High Grade

High-Grade Attorneys Face Compensatory Time Cap Trap
By John A. Tolleris, Esq.

[John Tolleris is an FBA member and a retired lawyer for an executive branch agency]

Due to the unfortunate experience of a federal government attorney who recently reported having been credited with less than half the management-approved compensatory time worked within a pay period, the FBA District of Columbia Chapter has learned that GS-14 and 15 level attorneys who perform and earn a significant number of hours of management-approved compensatory hours within a two-week pay-period face a little known compensation cap trap. When they look at their earnings statements for that period, they may find that they had been credited with only a portion of the comp time hours that they thought they had earned. For example, a San Francisco based GS 14 Step 10 attorney who works 6 hours of approved compensatory time within a pay period would be credited with (and entitled to use) only 3 hours of comp time on his/her earnings statement. Also, a Washington-based GS 15 Step 6 Senior Counsel who works 12 approved comp hours within a pay period would receive only a 6 hour comp time credit. And this may even be legal and required by federal civil service law!
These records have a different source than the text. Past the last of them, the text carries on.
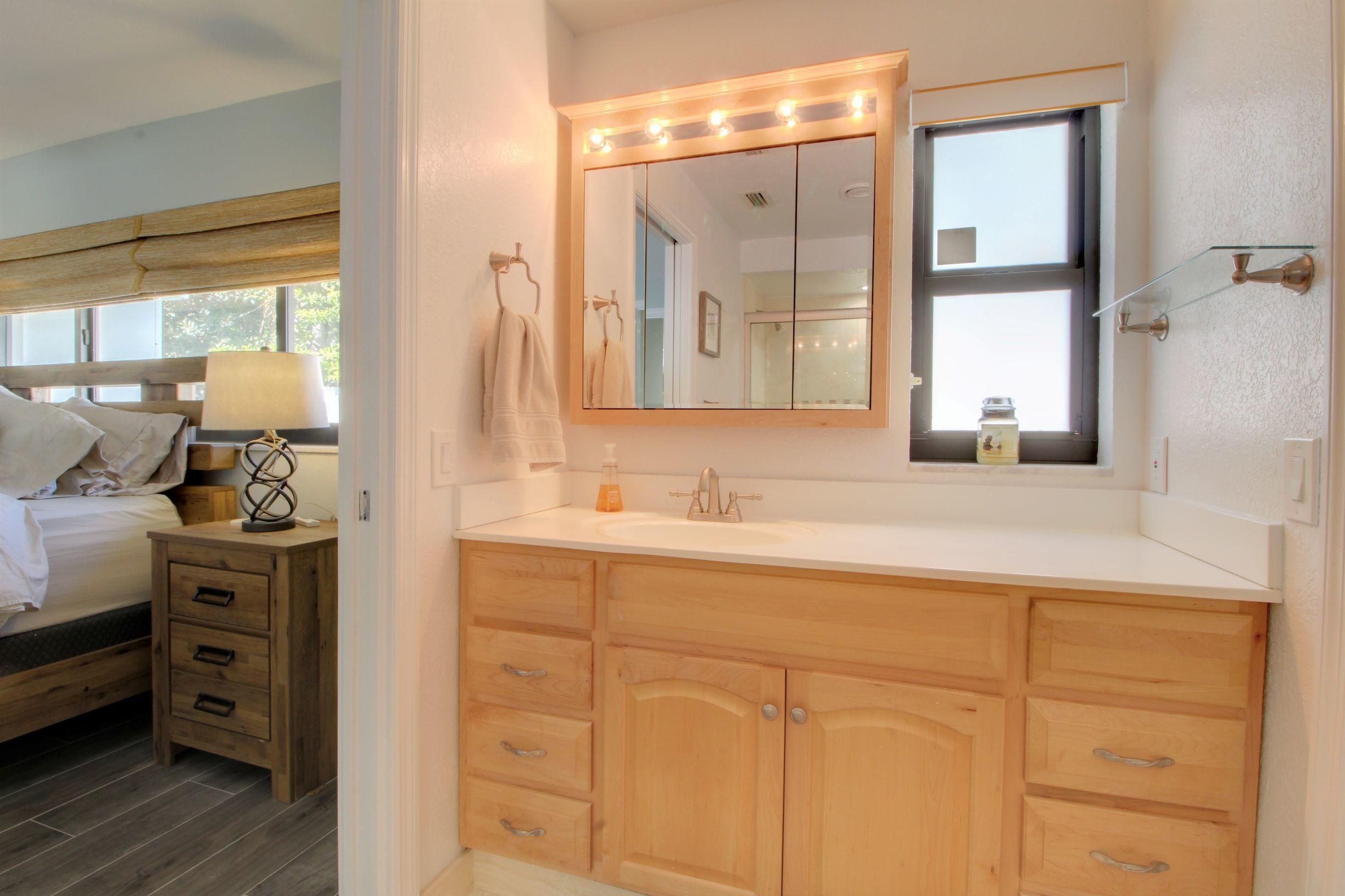 1501 Banyan Road Boca Raton, FL 33432 - Photo 12 of 26 a bathroom with a sink and a mirror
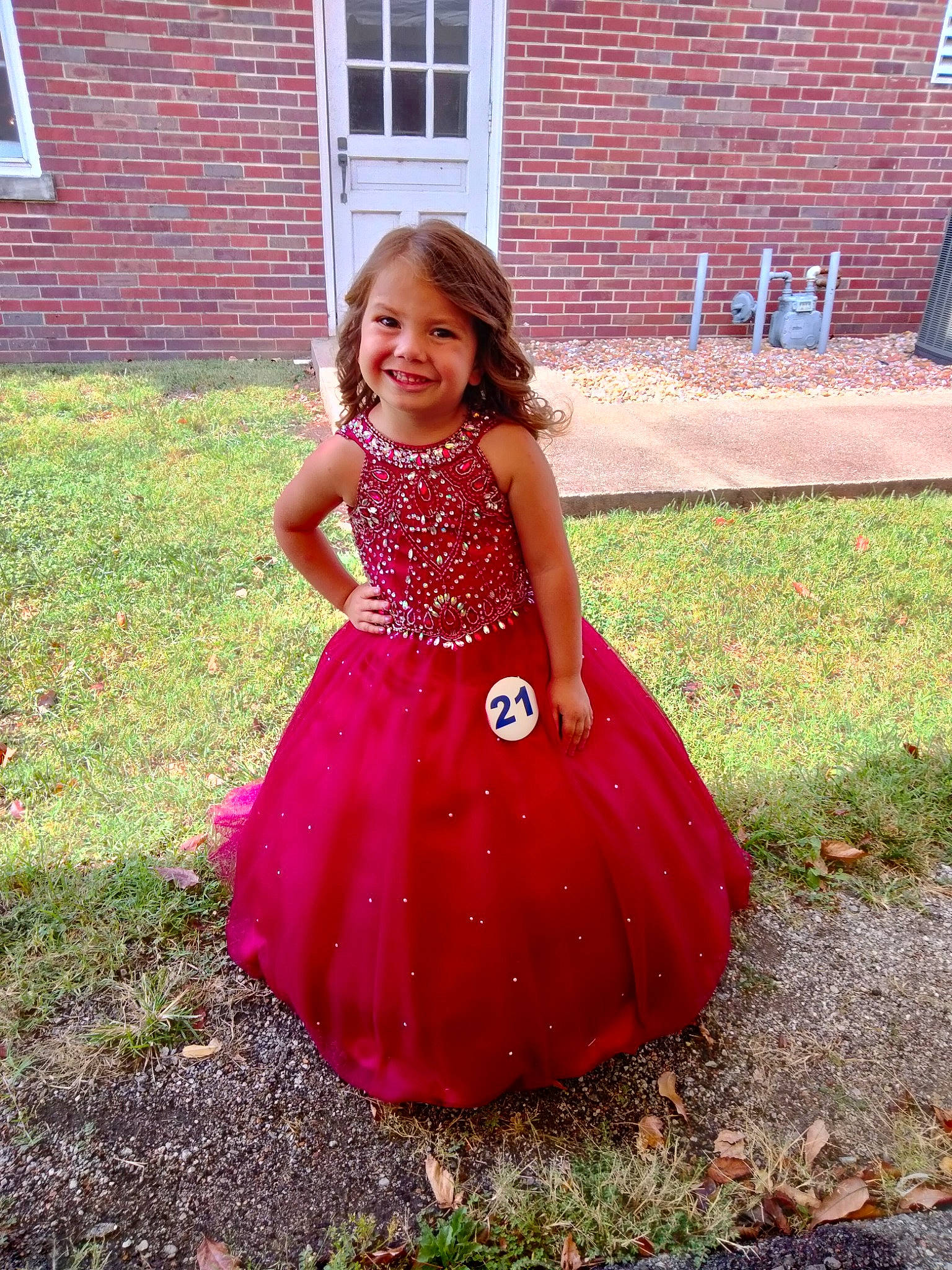 Josie is registered to the contest to win money with this photo: arm, day_dress, dress, eye, grass, hair, happy, head, house, human_body, joy, one_piece_garment, people_in_nature, person, pink, plant, shoulder, smile, toddler, tree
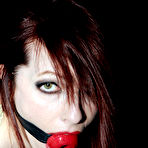 Third pic of SexPreviews - Emily Marilyn redhead rope bound with red ballgag in black stockings and high heels
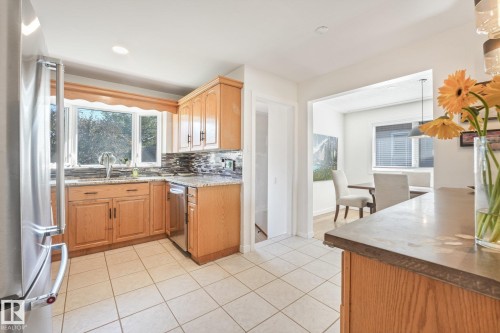 Kitchen featuring wood-finish cabinetry, stainless steel appliances, granite countertops, and a tile backsplash - 16613 90 Avenue Nw, Edmonton, AB - Indoor Photo Showing Kitchen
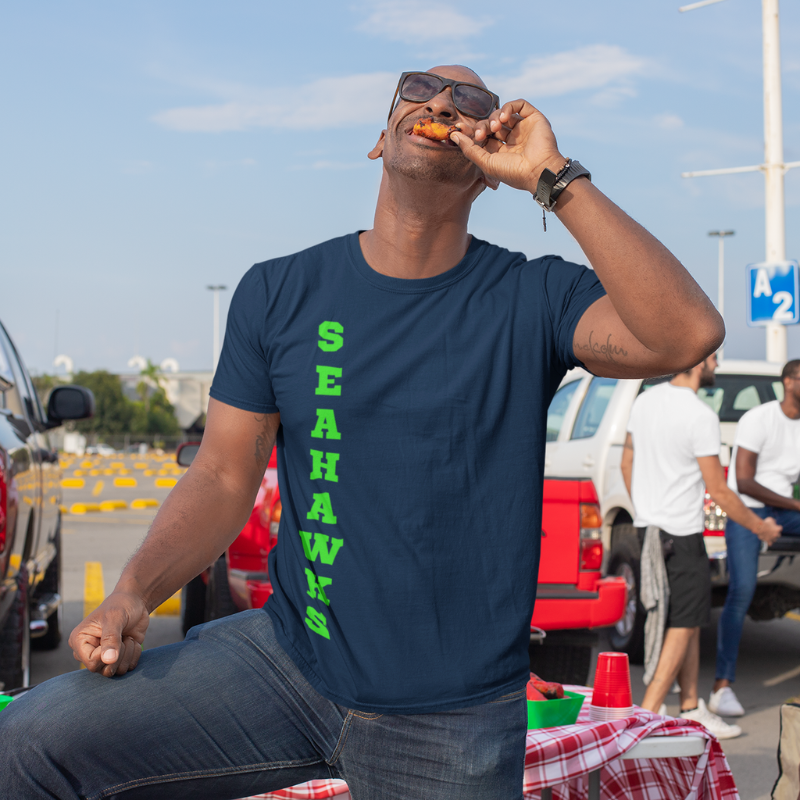 A man at a tailgate party wearing a personalized men's game day t-shirt featuring vertical blue text reading "SEAHAWKS"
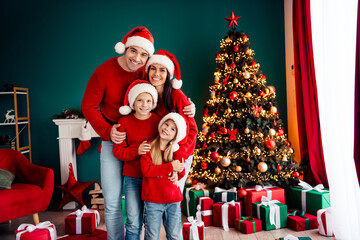Happy family celebrating Christmas around the beautifully decorated tree with warm sweaters and festive smiles at home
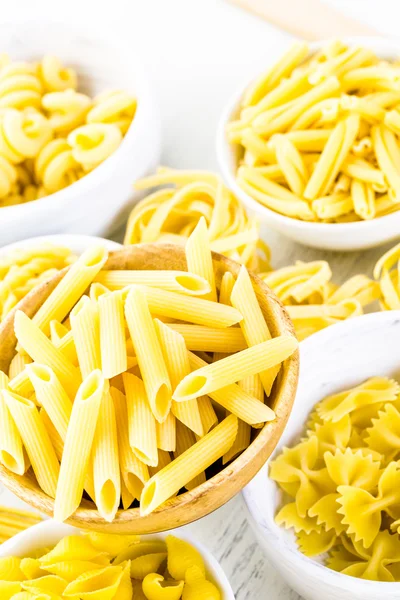 Variety of yellow dry pasta — Stock Photo, Image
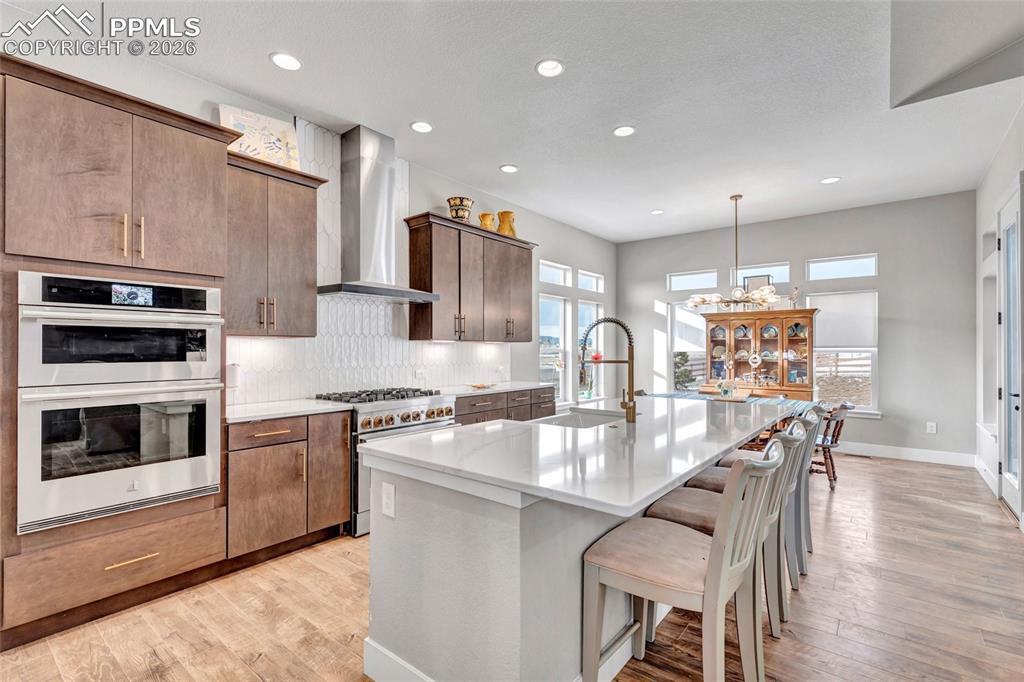 2402 Parma Court Colorado Springs, CO 80921 - Photo 12 of 45 a kitchen with stainless steel appliances granite countertop a stove top oven a sink dishwasher a dining table and chairs with wooden floor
These disconcerting outcomes are due to the provisions of 5 U.S.C. 5547(a) and 5 CFR 550.105. Under these statutory provisions, General Schedule (GS) employees generally may receive certain types of premium pay (such as compensatory time) for a biweekly pay period only to the extent that the sum of basic pay and premium pay (including comp time hours converted into their monetary equivalence) for the pay period does not exceed the biweekly pay cap for their POD’s locality ($5,960.80 in 2010 in Washington D.C,, San Francisco and many other high cost localities in this country, slightly lower in other parts of this country such as Buffalo, New York and Cincinnati, Ohio). The number of hours professionals can earn under this cap is determined by dividing the difference between their regular biweekly pay rate and the biweekly pay cap for their POD by their hourly pay rate.  The federal Fair Labor Standards Act overrides these rules for most federal employees, but not for employees exempt from the FLSA (“exempt employees”) such as professionals, administrative and executive employees.